New budget projections by the Congressional Budget Office (CBO) will provide a point of reference for the debate over the next farm bill. If the debate follows the pattern of recent farm bills, budgetary concerns are likely to be front and center.

CBO’s outlook suggests current policies, some standard assumptions about economic growth and the aging of the U.S. population could lead to budget challenges in the years ahead. The budget deficit has declined sharply from the peak during the pandemic but is expected to widen again over the next decade as more Baby Boomers retire.

The projected annual budget deficit increases from $1.3 trillion this year to $2.3 trillion in 2033, as federal spending increases more rapidly than tax receipts. Social Security and Medicare account for more than half of the $3.7 trillion increase in annual federal spending over the next ten years.

Policymakers in both parties have said they do not want to cut funding for Social Security and Medicare, and a Republican House is unlikely to favor tax increases. That means some policymakers will be looking for other places to make spending cuts.

At the time the bill was passed, CBO estimated that the 2018 farm bill would have no net impact on the budget deficit, reflecting a decision made early in the debate There has not been a formal decision made about the budget for the next farm bill, but we now know what CBO says continuing current laws would imply.

The largest program covered in the farm bill is the Supplemental Nutrition Assistance Program (SNAP). In the fiscal year ending last September, federal spending on SNAP totaled $149 billion. That cost is expected to fall to $127 billion this year, largely because a temporary, pandemic-related increase in benefits for many program participants will expire in March.
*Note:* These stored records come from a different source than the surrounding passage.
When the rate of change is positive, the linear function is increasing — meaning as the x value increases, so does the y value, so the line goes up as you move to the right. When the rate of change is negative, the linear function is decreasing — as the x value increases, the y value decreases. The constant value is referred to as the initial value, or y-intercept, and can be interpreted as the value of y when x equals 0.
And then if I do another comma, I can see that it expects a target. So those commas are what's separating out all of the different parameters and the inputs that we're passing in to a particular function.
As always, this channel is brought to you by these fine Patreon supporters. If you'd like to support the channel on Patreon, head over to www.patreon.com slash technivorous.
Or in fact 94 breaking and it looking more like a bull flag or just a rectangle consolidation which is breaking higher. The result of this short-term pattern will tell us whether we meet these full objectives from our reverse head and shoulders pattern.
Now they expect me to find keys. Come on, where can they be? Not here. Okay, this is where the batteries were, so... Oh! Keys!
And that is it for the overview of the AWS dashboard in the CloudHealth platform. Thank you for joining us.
Still, CBO projects that spending on SNAP will average about $120 billion per year over the next decade, far more than was estimated at the time the 2018 farm bill was debated. Higher levels of program participation, higher food prices, and an administrative decision that raised benefit levels all played a role in the increase.

Some Republicans have indicated they would like to see stricter work requirements or other program changes to reduce SNAP spending. In contrast, some Democrats have argued that current benefit levels are inadequate and need to be increased.
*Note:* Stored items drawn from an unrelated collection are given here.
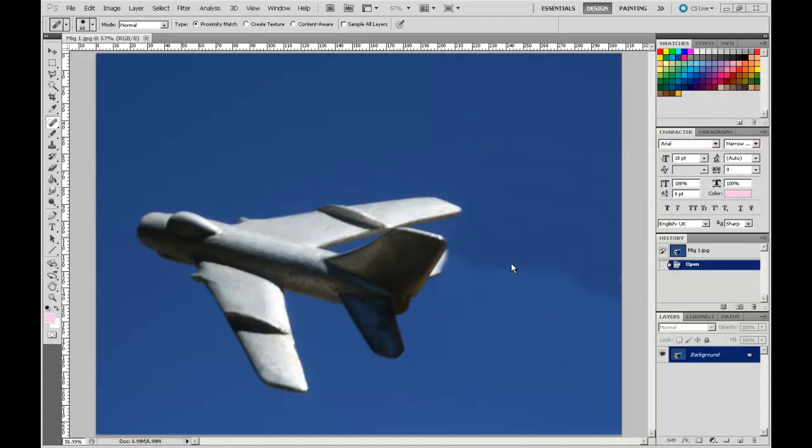Welcome back to the Adobe Photoshop for Architecture Students video series. In the previous video we edited out a hand that was holding up this toy plane using the Clone tool.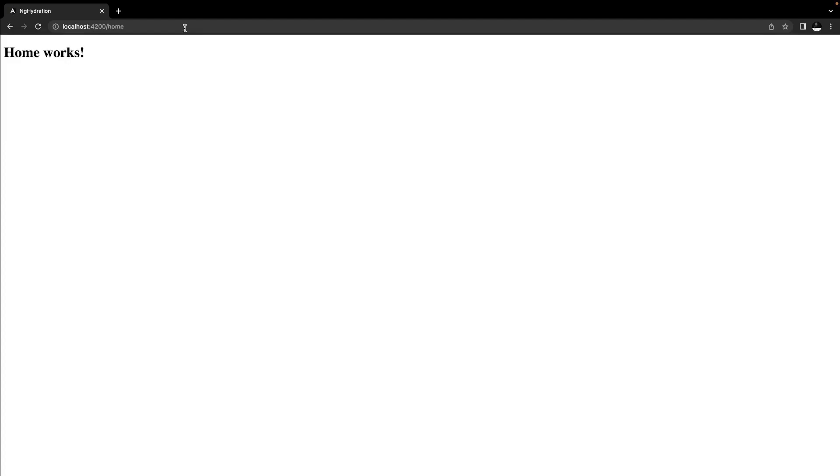So here's what happened. From the moment we pressed enter, it took three seconds to render our application on the server. Then we received an HTML from the server, but then we saw a blank page for three seconds. That's because Angular destroys the HTML that we get back from the server.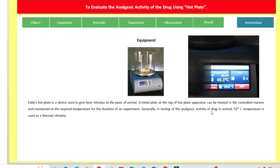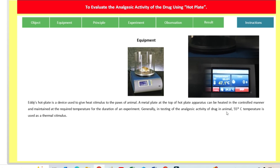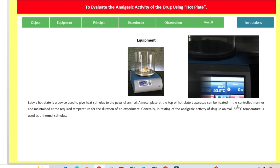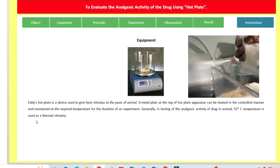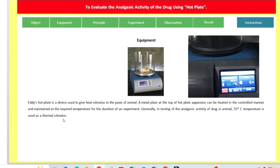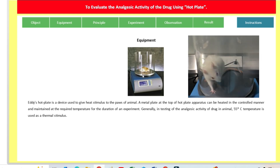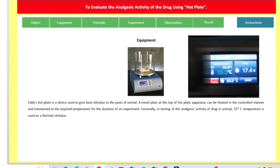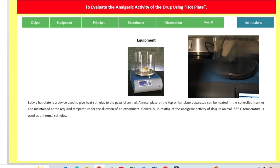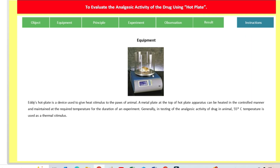For testing the analgesic activity of a drug in animals, 55°C temperature is used as a thermal stimulus. The plate is heated up to 55°C, which we have to maintain while we are introducing the animals onto the hot plate.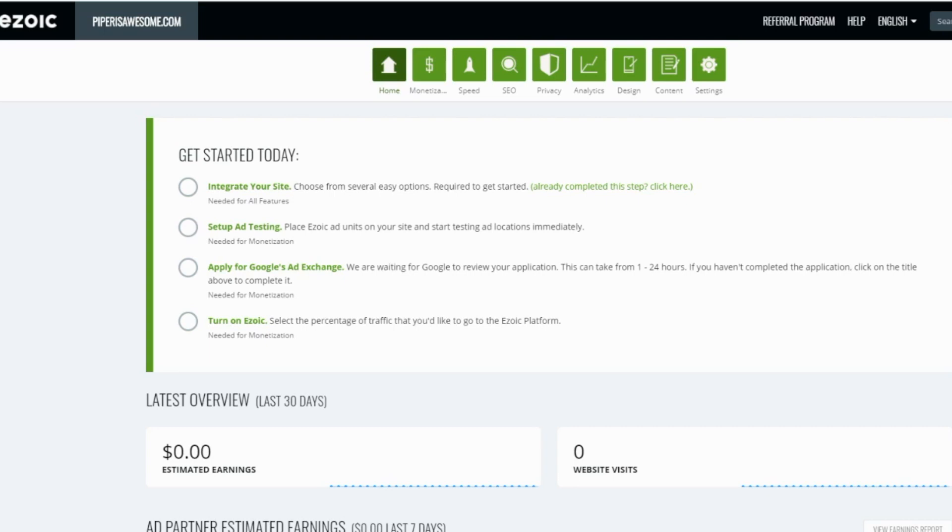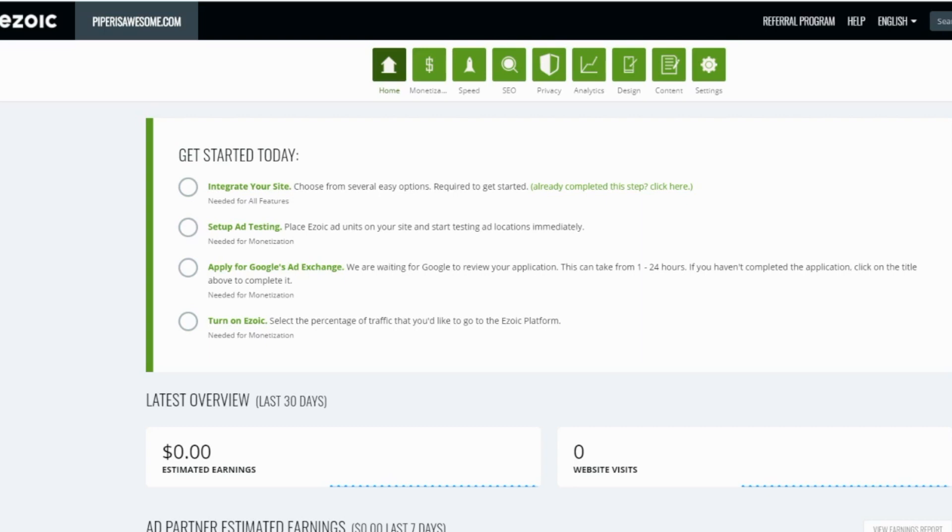By wrapping your existing ad units, this allows Ezoic system to test your existing ad locations along with new ones for the percentage of traffic going to Ezoic. For the percentage of traffic going to the original version of the site, the Ezoic placeholder code will be ignored and all the original ads will continue to show.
The basic commodity programs that have often been the center of farm bill debates are projected by CBO to cost about $6 billion per year over the next decade. Several farm groups have argued for increased support to offset the impacts of higher production expenses.

CBO projects crop insurance will cost taxpayers about $9 billion per year and that conservation program spending will average about $7 billion per year under current laws.
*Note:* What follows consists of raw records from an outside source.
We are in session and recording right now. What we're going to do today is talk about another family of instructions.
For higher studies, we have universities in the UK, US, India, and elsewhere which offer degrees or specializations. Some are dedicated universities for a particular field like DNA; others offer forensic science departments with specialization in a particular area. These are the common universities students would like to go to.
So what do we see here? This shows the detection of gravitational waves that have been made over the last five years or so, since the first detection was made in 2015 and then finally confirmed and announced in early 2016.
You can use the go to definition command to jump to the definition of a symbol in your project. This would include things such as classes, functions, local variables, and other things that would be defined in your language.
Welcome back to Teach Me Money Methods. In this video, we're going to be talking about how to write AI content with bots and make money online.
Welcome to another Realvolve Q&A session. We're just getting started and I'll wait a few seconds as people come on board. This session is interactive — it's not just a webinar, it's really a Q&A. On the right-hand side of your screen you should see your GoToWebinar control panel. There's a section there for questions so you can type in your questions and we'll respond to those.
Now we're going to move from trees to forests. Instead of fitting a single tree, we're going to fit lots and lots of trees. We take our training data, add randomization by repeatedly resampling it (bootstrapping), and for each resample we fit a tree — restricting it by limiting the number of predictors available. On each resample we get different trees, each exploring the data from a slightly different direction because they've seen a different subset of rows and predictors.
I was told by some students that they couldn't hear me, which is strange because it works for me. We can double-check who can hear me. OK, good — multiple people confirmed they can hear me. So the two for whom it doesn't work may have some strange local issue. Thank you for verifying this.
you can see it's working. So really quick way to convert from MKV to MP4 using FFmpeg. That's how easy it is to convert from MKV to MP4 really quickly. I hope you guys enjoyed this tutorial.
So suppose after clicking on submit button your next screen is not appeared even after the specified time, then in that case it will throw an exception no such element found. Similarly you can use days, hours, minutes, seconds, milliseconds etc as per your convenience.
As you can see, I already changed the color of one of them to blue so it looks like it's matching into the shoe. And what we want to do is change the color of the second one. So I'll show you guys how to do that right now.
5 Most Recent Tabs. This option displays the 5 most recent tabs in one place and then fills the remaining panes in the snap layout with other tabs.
If the 2023 farm bill is expected either to reduce or to have no net impact on the federal budget deficit, any proposal to increase spending in one program will have to be offset by equal or larger reductions in other program spending. Identifying potential areas of budget cuts that a majority of the House, the Senate and the President can all agree upon will be a major challenge.

Pat Westhoff is director of the Food and Agricultural Policy Research Institute at the University of Missouri and a professor of agricultural and applied economics. The opinions expressed here are his own and do not reflect official positions or endorsements of the University of Missouri.